• **EXERCISE GOAL**: In the records below, repeat exactly the lines between the line holding "thumbnail image 6" and the line holding "Walk along the", inclusive, and drop the pictures.

• **DATA FOR THIS EXERCISE**:
====
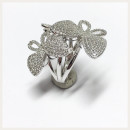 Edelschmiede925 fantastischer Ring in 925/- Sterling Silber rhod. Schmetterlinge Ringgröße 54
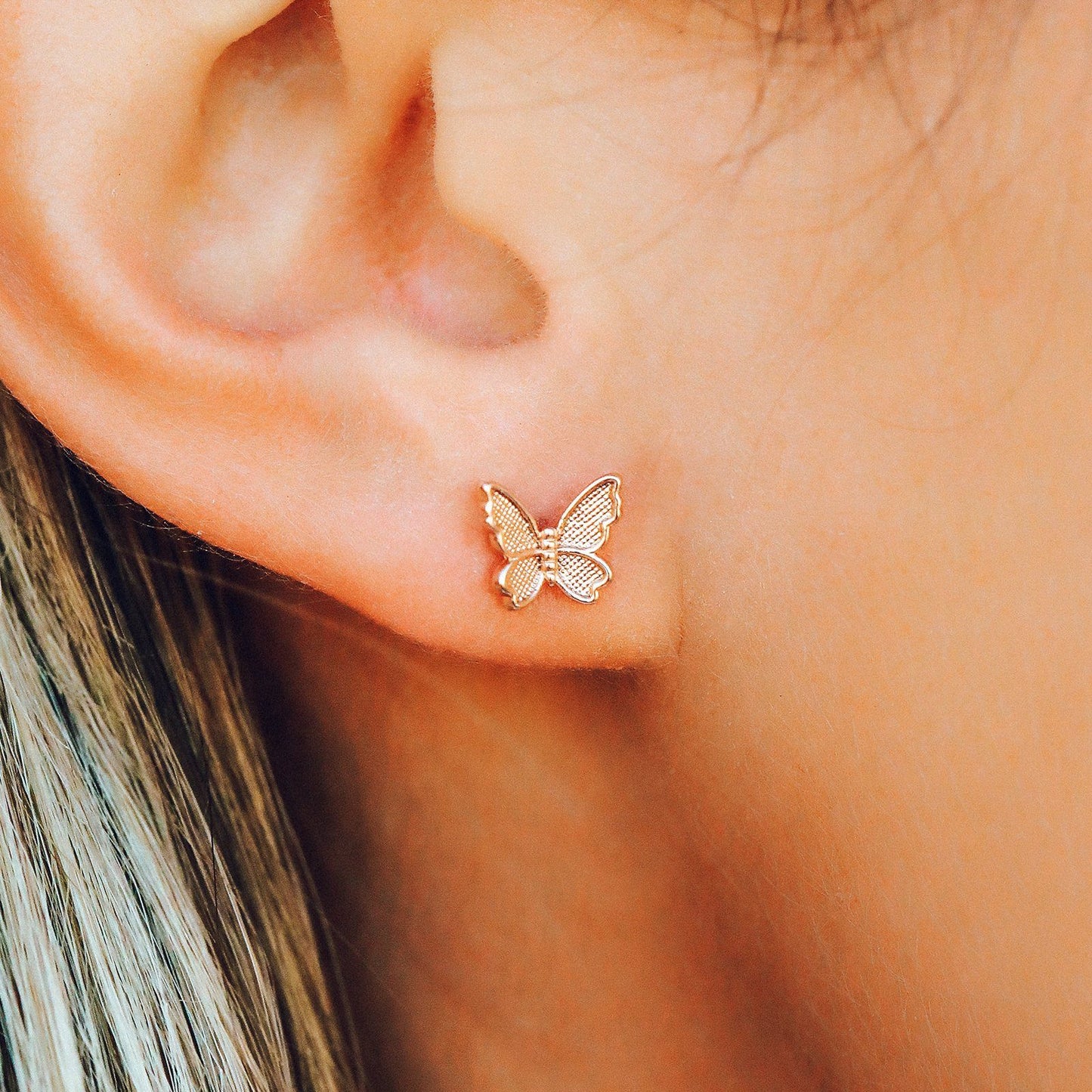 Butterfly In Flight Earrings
====
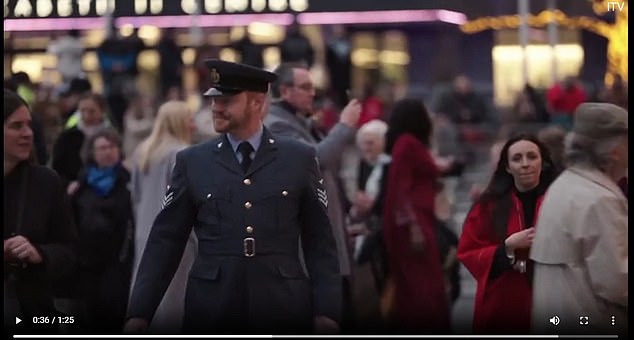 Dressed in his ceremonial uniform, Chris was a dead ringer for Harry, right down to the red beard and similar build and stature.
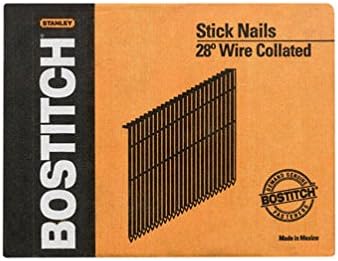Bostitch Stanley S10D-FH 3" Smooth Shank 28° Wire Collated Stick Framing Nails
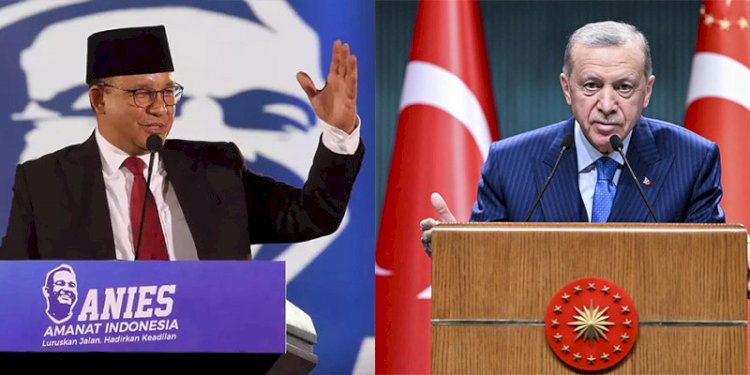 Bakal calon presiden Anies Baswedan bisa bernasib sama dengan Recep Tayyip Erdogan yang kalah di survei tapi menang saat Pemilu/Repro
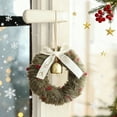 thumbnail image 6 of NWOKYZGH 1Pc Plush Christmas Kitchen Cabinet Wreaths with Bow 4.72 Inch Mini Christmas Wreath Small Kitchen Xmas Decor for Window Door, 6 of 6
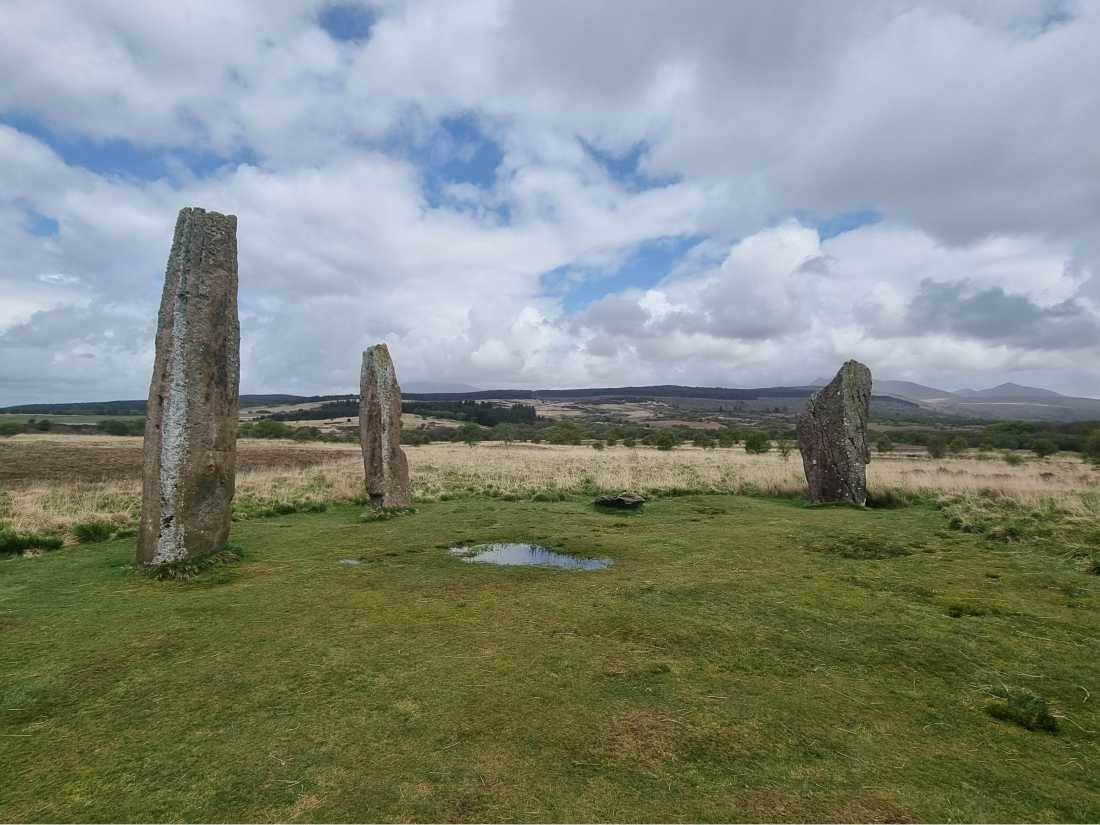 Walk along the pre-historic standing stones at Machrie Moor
====
• **REPLY TO THE TASK**:
 thumbnail image 6 of NWOKYZGH 1Pc Plush Christmas Kitchen Cabinet Wreaths with Bow 4.72 Inch Mini Christmas Wreath Small Kitchen Xmas Decor for Window Door, 6 of 6
 Walk along the pre-historic standing stones at Machrie Moor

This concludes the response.